Note for the function, I put in an extra check to handle cases where the axis is not a unit vector and may have a magnitude of 0.
Anyways, here’s how I would use Flatten to accomplish your goal:
Take the last lookvector, and flatten it along the normal of the current surface. You may have to normalize the output of flatten? not sure. Anyways, the output is your new lookvector. Use this new lookvector, the current normal (upvector) and take a cross product to find the new rightvector, and then use all 3 to calculate the new CFrame using fromMatrix or the CFrame.new() with 12 arguments. Warning, the devhub page on the two cframe constructors are wrong and the ordering of vectors is flipped; you may have to mess around a bit to get the correct cframe from the 3 vectors.

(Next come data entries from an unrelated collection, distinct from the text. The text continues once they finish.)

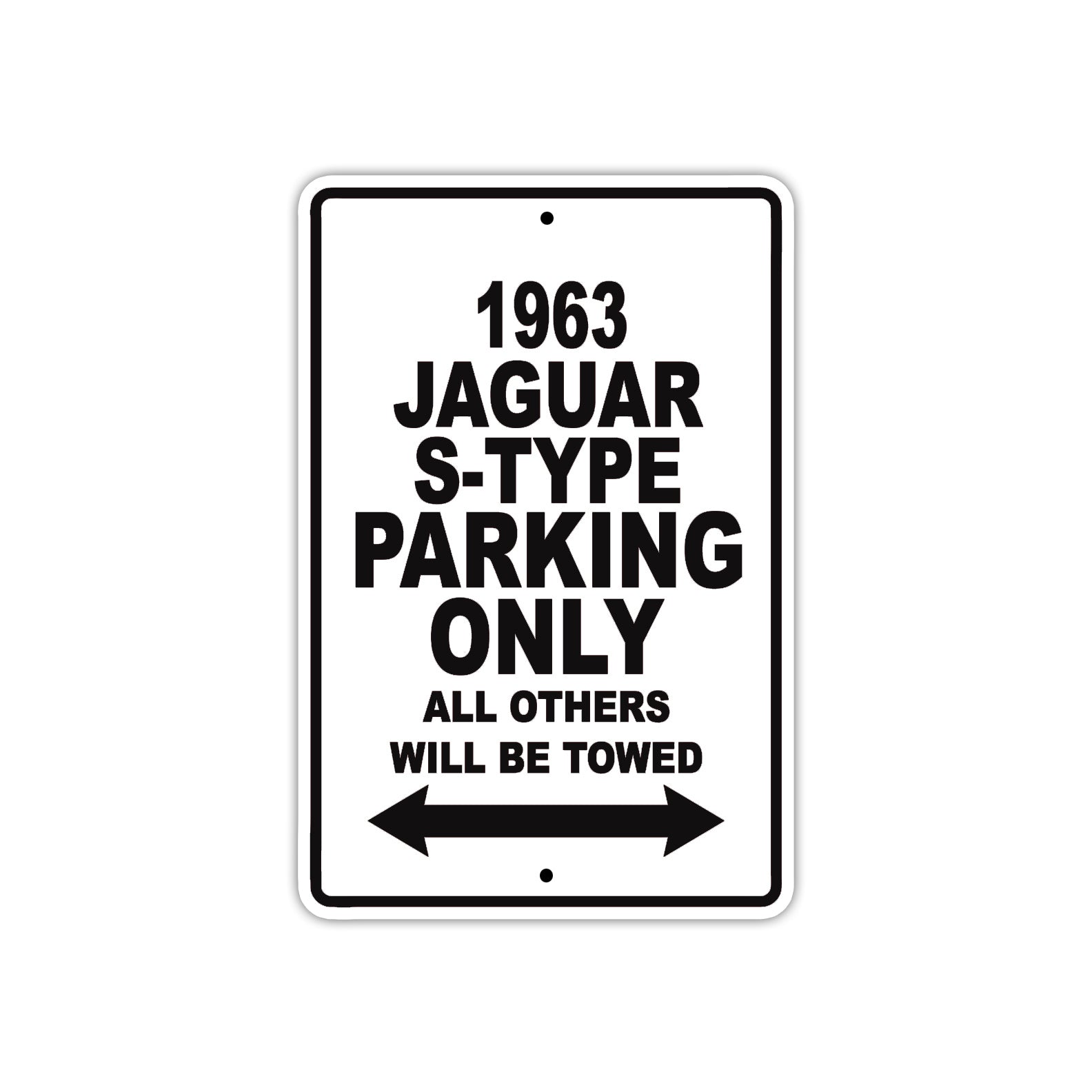 1963 Jaguar S-Type Parking Only All Others Will Be Towed 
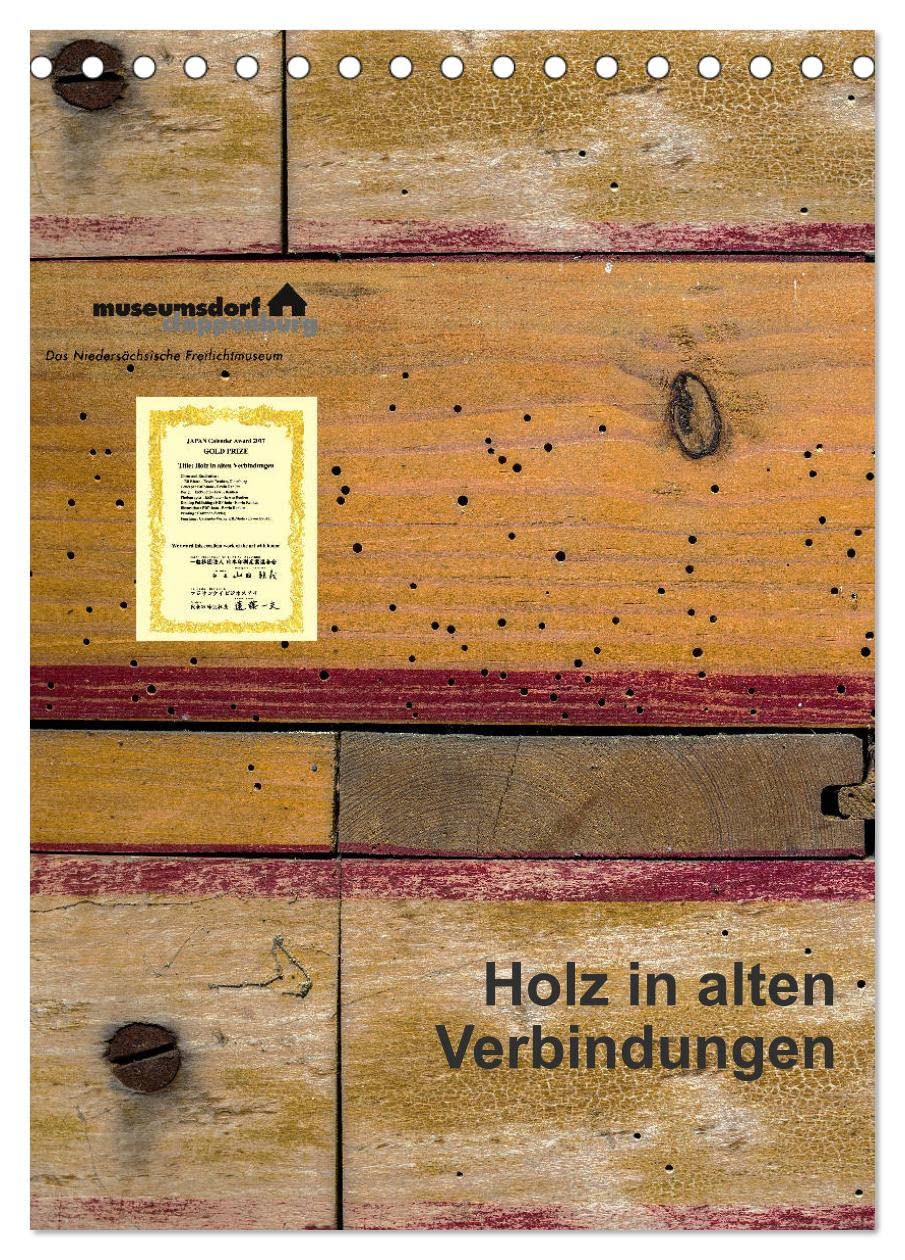 Holz in alten Verbindungen (Tischkalender 2026 DIN A5 hoch), CALVENDO Monatskalender: Ein fotografischer Versuch den morbiden Charme alter Holzverbindungen einzufangen. (CALVENDO Kunst) Business & Technology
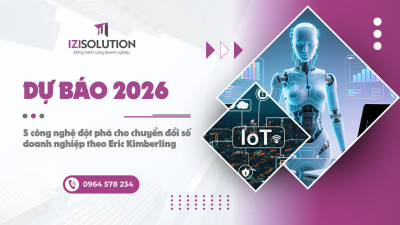 Dự báo 2026: 5 công nghệ đột phá cho chuyển đổi số doanh nghiệp theo Eric Kimberling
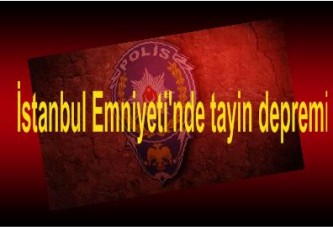 İstanbul Emniyeti'nde tayin depremi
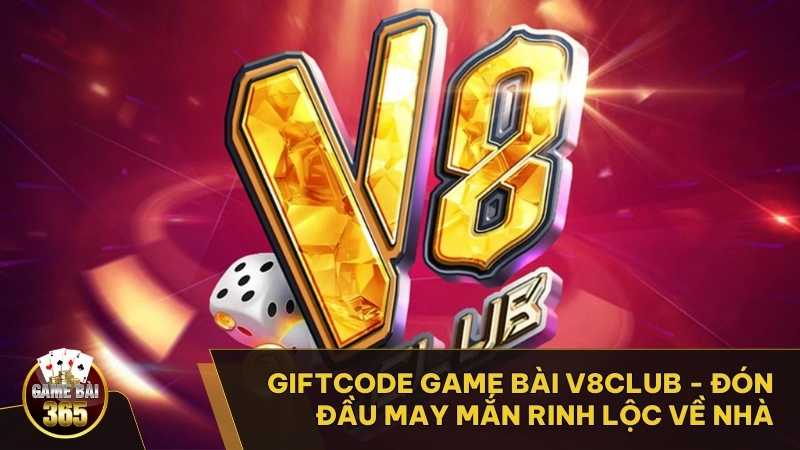Nhận giftcode V8Club để khám phá thế giới game bài thú vị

This way of doing it is super simple; one limitation is that if the new normal is collinear to the last lookvector, the output of flatten will be a zero vector. You can check for this condition if the dot product of the new normal and last lookvector is zero.
One ugly but effective way to counter this problem would be to check if you are hitting the edge case; if so, calculate the new lookvector twice: First, do the calculation with the target normal, plus some minor shifting on a different axis. This is to counter the problem of the zero vector. Then, using the new lookvector you just calculated with the shifted normal, calculate the proper lookvector using the actual normal. It’s a two-step solution, can be done super quickly in the same frame; I would call it “heuristic” in the nature of the solution, but it should in theory produce the precise result always.
Worked like a charm! Don’t tell anyone, but you are my favorite…
Though I think I am experiencing the zero vector problem when climbing small 90 degree surfaces. It occasionally sets the position of the roomba to something like negative 3 gazillion, which I can only assume is the result of the zero vector.
OR some other part of my code is contributing to it.
I’ll have to figure that part out.